Today's mission statement says nothing about cost containment or efficiency. The IRS's purpose now is "to provide America's taxpayers top-quality service by helping them understand and meet their tax responsibilities and by applying the tax law with integrity and fairness to all."
Unless Congress steps in to stop it, the IRS is set to begin implementing a wildly inefficient plan to outsource the collection of past-due taxes from those who owe $25,000 or less. IRS employees could collect these taxes for about 3 cents on the dollar, comparable to other federal programs' collection costs.
But Congress has not allowed the IRS, which is eliminating some of its most efficient enforcement staff, to hire the personnel it would need to do the job. Instead, the agency has signed contracts with private debt collectors allowing them to keep about 23 percent of every taxpayer dollar they retrieve. Employing these firms is almost eight times more expensive than relying on the IRS, but, according to IRS Commissioner Mark Everson, it fits in with the Bush administration's efforts to reduce the size of government.
Company fees
Over 10 years, the companies hired are projected to collect overdue taxes totaling $1.4 billion, $330 million of which the companies keep as fees. According to the IRS' own estimates, over those same 10 years, the agency could collect $87 billion in unpaid taxes at a cost of just under $300 million -- if allowed to hire sufficient personnel. In total, utilizing the private sector instead of augmenting IRS personnel would leave in the hands of delinquent taxpayers more than $85 billion owed to the federal government.
If these numbers seem too big to fathom, think of it this way: It is as if you were given the choice of investing $3,300 to make $14,000, or investing $3,000 to make $870,000, and you chose the investment with the higher price and lower return.

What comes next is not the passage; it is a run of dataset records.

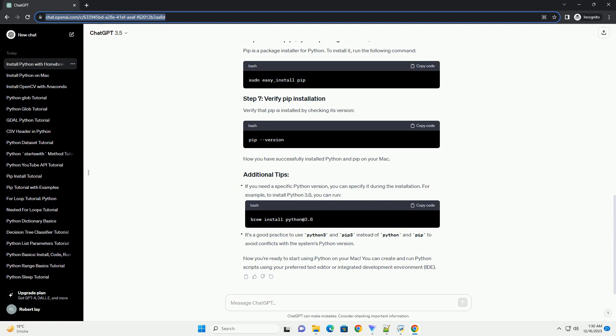Now that you have Homebrew installed, you can use it to install Python. Run the following command. This will download and install the latest version of Python. After the installation is complete, you can verify that Python is installed correctly by running the version check. You should see the version number of the Python interpreter you just installed.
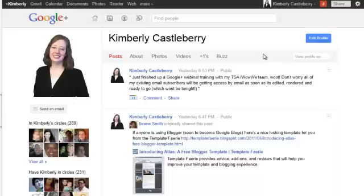I need to preface this by explaining that anytime you put two people in the same circle, when you post to that circle, that circle is not private to the individuals in it. If you put person A and person B in the same circle and then post to that circle, person A and person B are always going to be able to see each other listed under the limited status for the post.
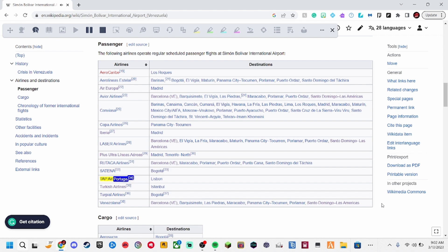Tap Air Portugal, 34. Lisbon. Turkish Airlines, 35. Istanbul.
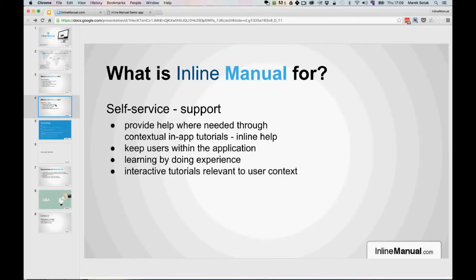We want to keep users within the application. It's a fully learning-by-doing experience where the tutorials you create are interactive — the user follows actions, clicks buttons, and interacts with the application itself. For example, a tutorial on how to create an invoice means the user ends up with an invoice actually created while following that tutorial. It works as a new layer on top of your application.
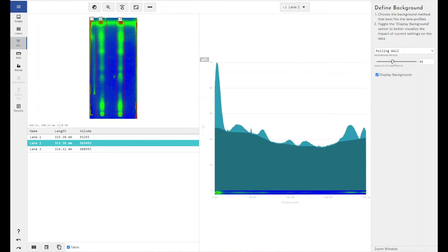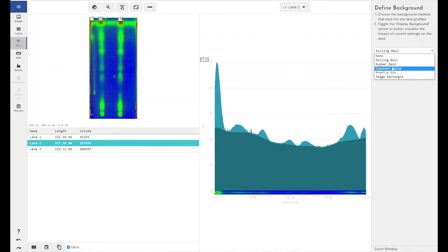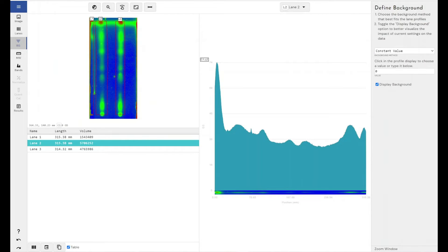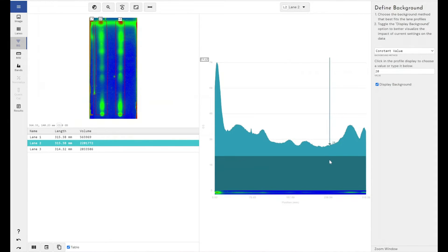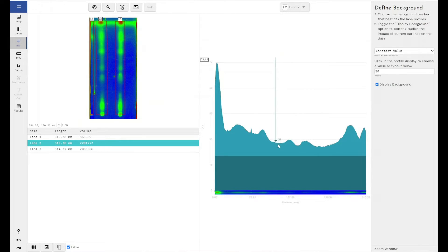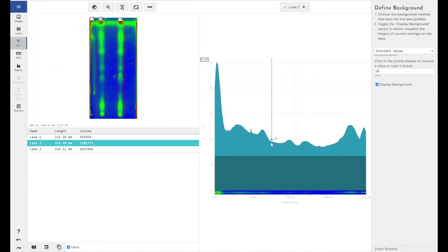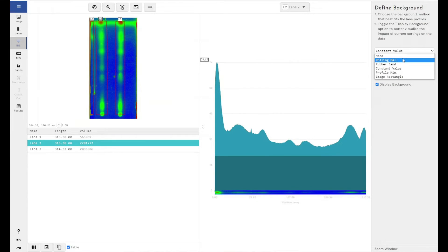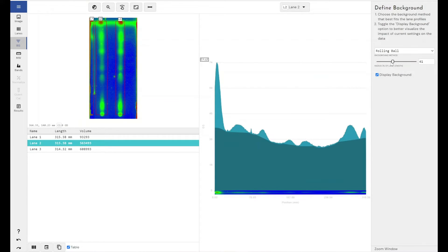What it does is it recalculates the background as you move along the lane. It changes the background relative to the background at that point in the lane. Whereas if we just use something like a constant value, say 20, it doesn't take into account areas of the lane. So for example, here, this is background. There's no signal here. However, this section of background for our experiment is lower than this area of background here. So if I used a constant value to remove this, I would still be counting this towards my measurements.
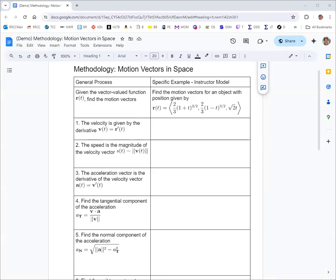In this methodology, we're going to tie together the stuff we've been learning about vector-valued functions to describe the movement of an object in space. Here is the vector-valued function r of t: first component two-thirds times the quantity one plus t raised to the three-halves; second component two-thirds times the quantity one minus t raised to the three-halves; third component, square root of two times t. This vector-valued function describes the position of a particle. You can think of the parameter t as time, and then the coordinates of the terminal point of the vector as the position of the object as it moves through space and time.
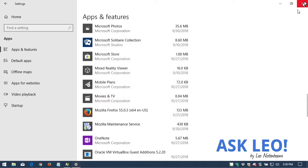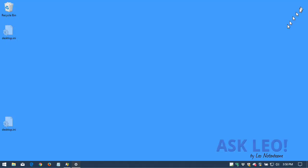If we take a look at our desktop, we'll find that the Thunderbird icon is gone.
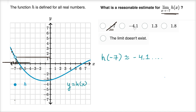Negative 4.1 is an interesting choice because that's a good approximation for what the actual value of the function is there — the function is defined there, although it jumps and is discontinuous. So negative 4.1 could be a reasonable estimate for h of negative seven, what the function is defined to be at x equals negative seven. But as we approach negative seven, the value of the function does not seem to be approaching negative 4.1, so I'll rule that one out.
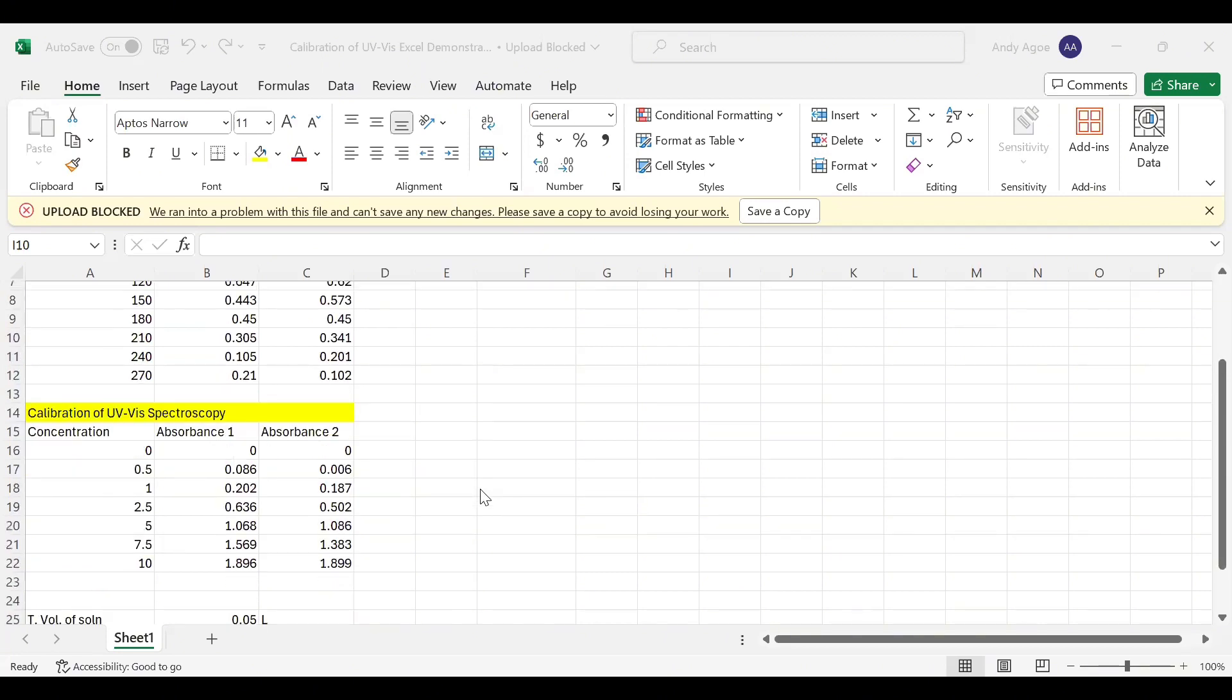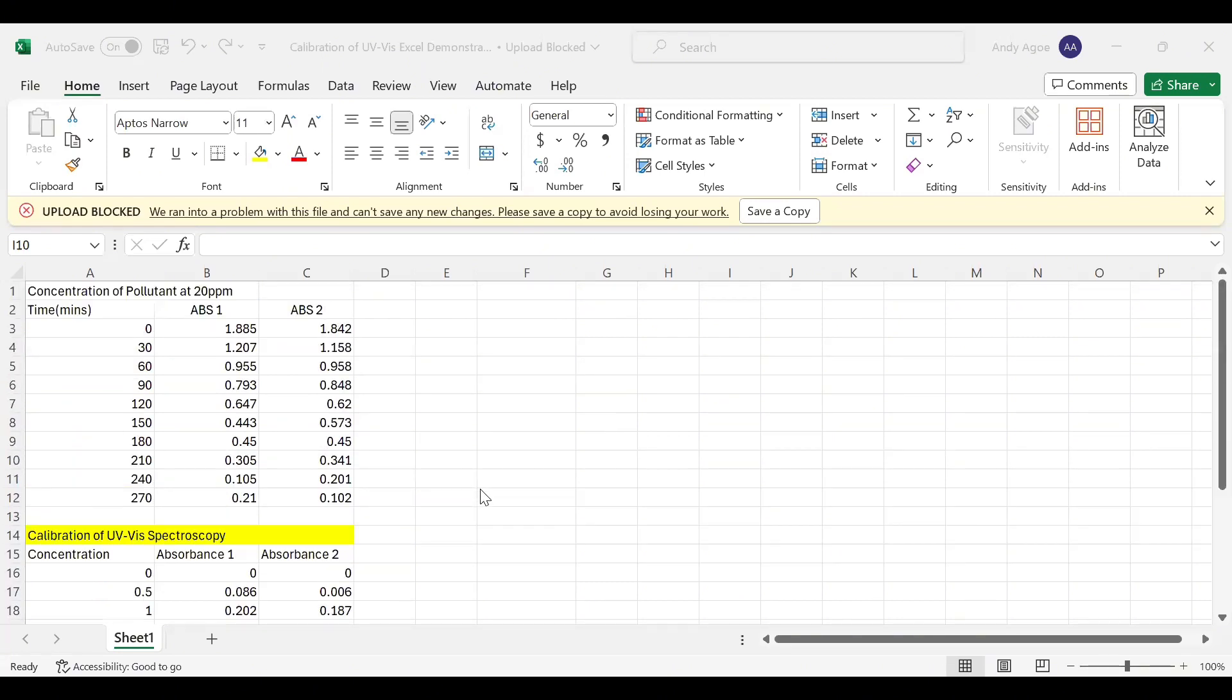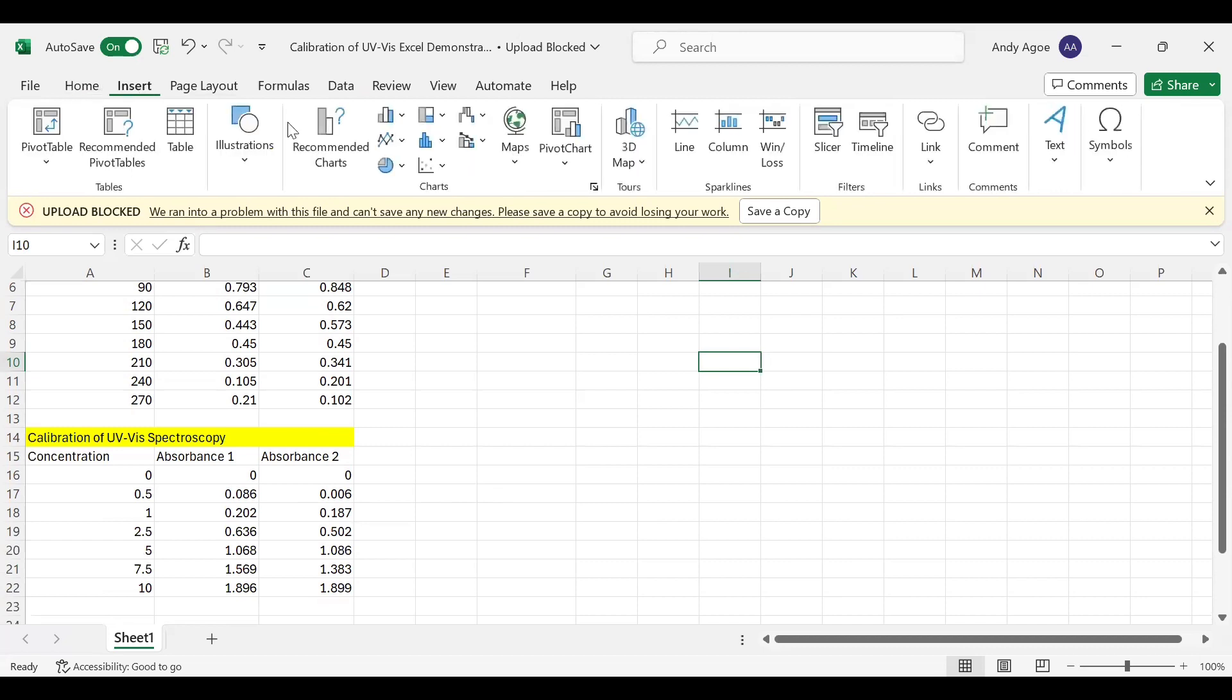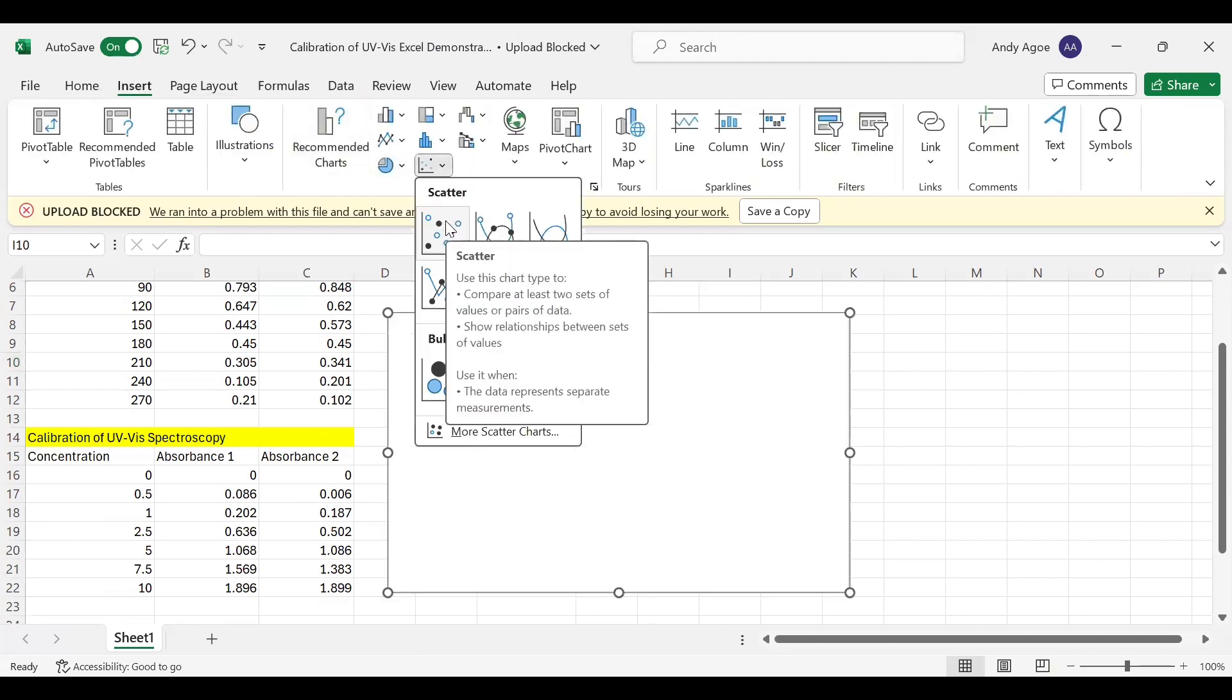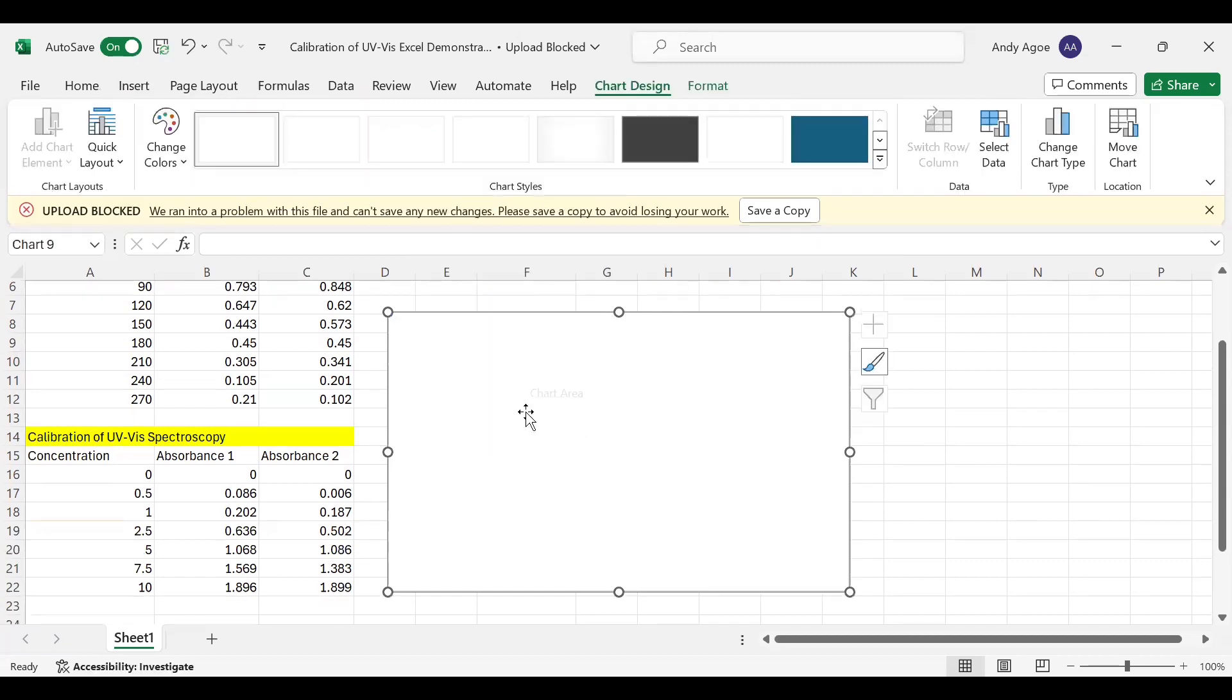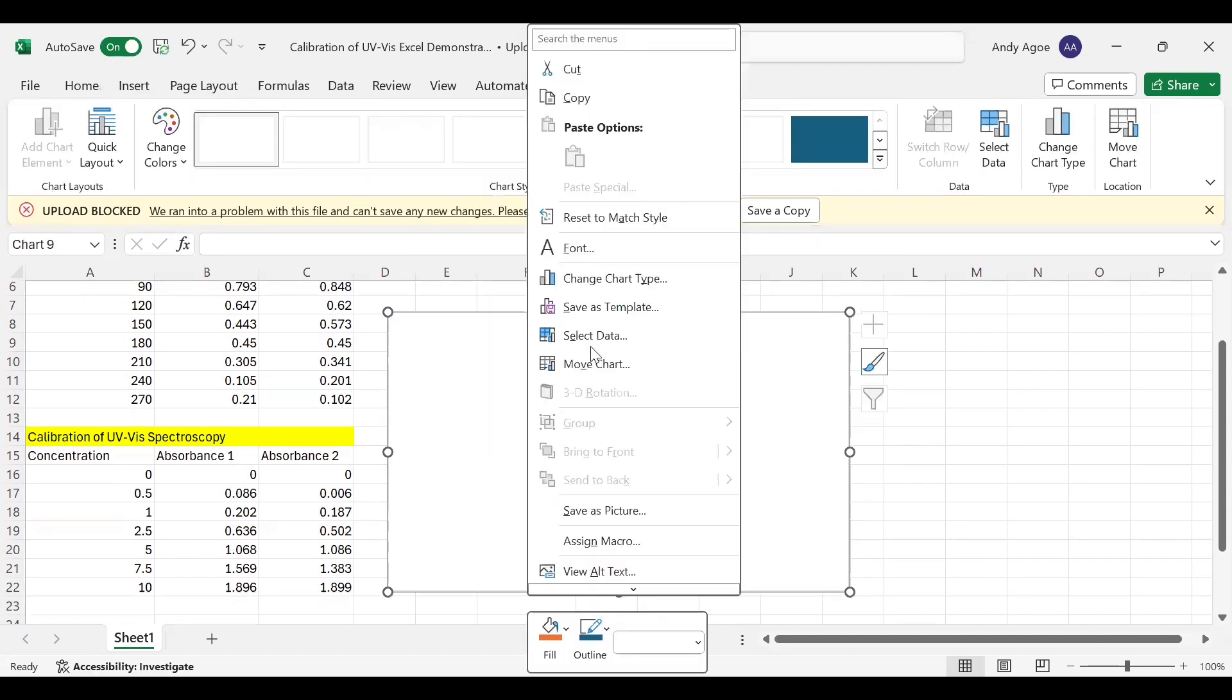For this demonstration, I've assumed some values of absorbance at a corresponding time. Now to plot, we need to select an empty space of the spreadsheet, then we move to the Insert tab, go to Charts, then pick the Scatter. Now click on the plot area, then click on Select Data.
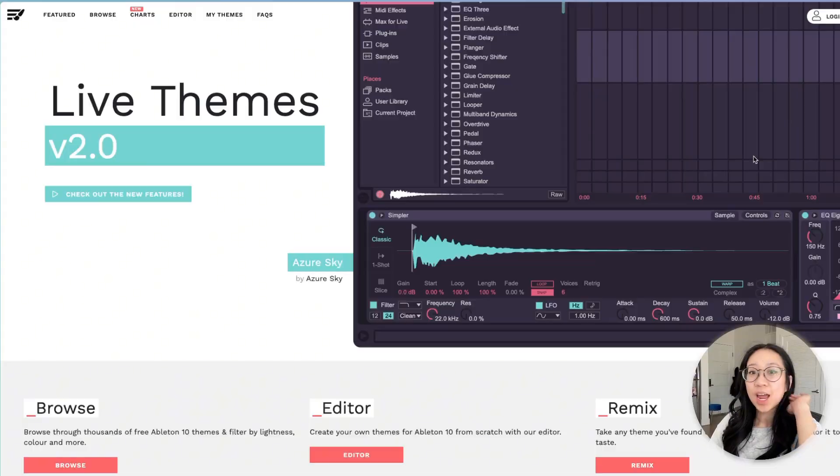Hey, it's Denver, and today I'm going to be showing you how to change the colors in your Ableton to match whatever vibe and whatever aesthetic you have going on. Let's get into it.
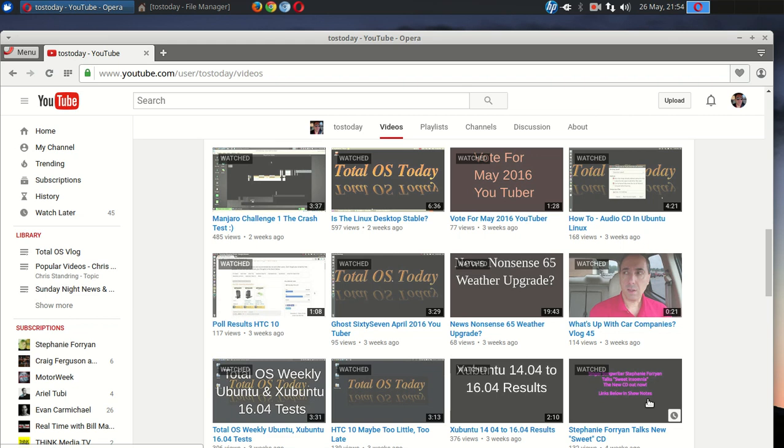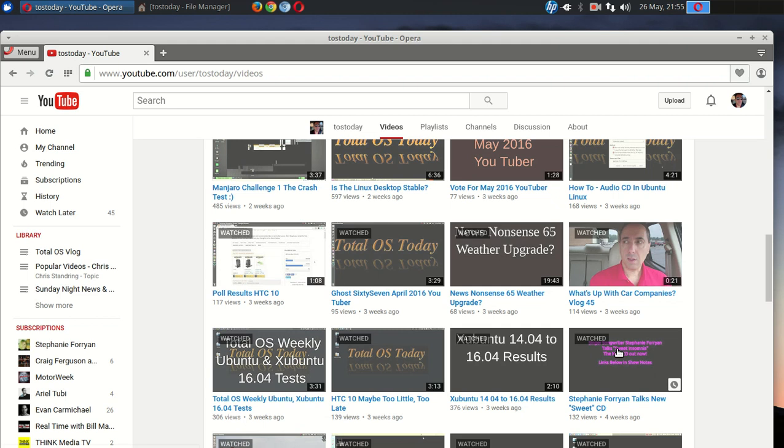And speaking of singing, a YouTuber of the month last year, Stephanie Forian has a new CD out with a hit single called Sweet Insomnia. You can check out my podcast here if you so choose to. She's a great singer. And go to her website and check out the CD. It's terrific. So, that's my high note of the day.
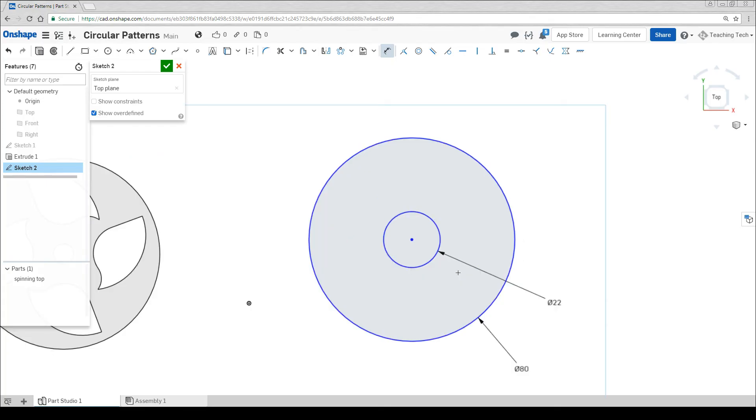If you want your fidget spinner to work well, you're going to need other holes here to insert extra bearings so it can get some nice momentum. Once again we're going to draw a circle where we want the bearing to be.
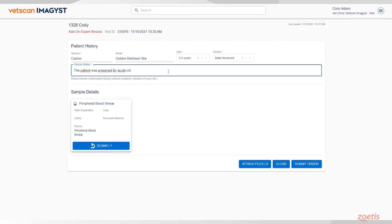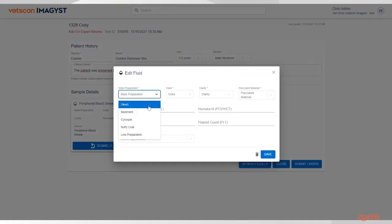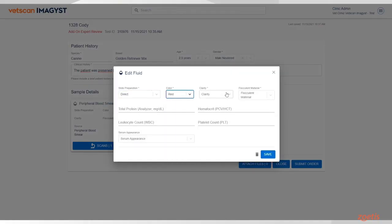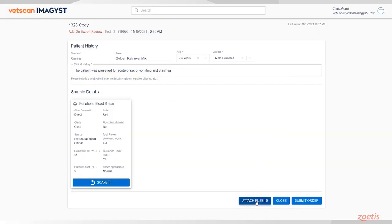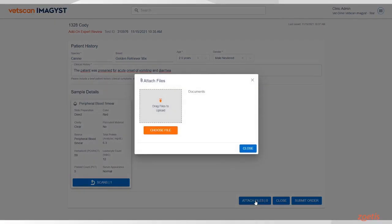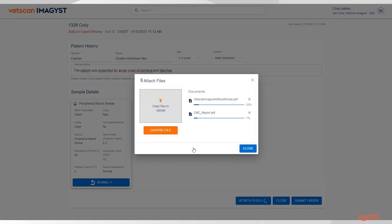Include a brief clinical history. Next, click on the pre-populated sample card to add additional information. You can attach additional files that the pathologist might find useful. Click Attach Files and upload any JPEG or PDF. We strongly recommend attaching the corresponding blood work, including the CBC and chemistry reports.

What could $85 billion buy?
More than 11 percent of the U.S. population under age 18 lacks health insurance. Using data from health insurers, the American Academy of Pediatrics estimates that the cost of a child's medical care in the U.S. averages less than $1,400 annually. Another $85 billion in the U.S. Treasury would be more than enough to cover the medical needs of all of our 8.3 million uninsured children for seven years.
Warren Buffett is giving $30 billion over 20 years to the Bill & amp; Melinda Gates Foundation. If the foundation spends that money on children's vaccinations, about 30 million children and their families and communities will benefit annually. Worldwide, about 32 million children born each year receive no vaccinations; $85 billion could vaccinate virtually all of them.
Congress has allocated about $4 billion to shore up the levees devastated by Hurricane Katrina. Experts say closer to $32 billion is needed to reconstruct and reinforce the system to protect the New Orleans area from flooding in a Category 5 storm. That $85 billion would be more than sufficient to accomplish this, with enough left over to spend about $245,000 apiece on rebuilding the approximately 220,000 houses and apartments that were destroyed or seriously damaged by the flooding.
The handful of companies chosen to round up the taxes will profit handsomely, as will the thousands of delinquent taxpayers who will evade collection. We who pay our taxes in full every year are footing the bill. The mission of today's IRS seems to be safeguarding shirking taxpayers and distributing taxpayer dollars to private corporations. That's not just mission creep; it's efficiency, integrity and fairness turned upside down.
Willis is associate professor at Loyola Law School.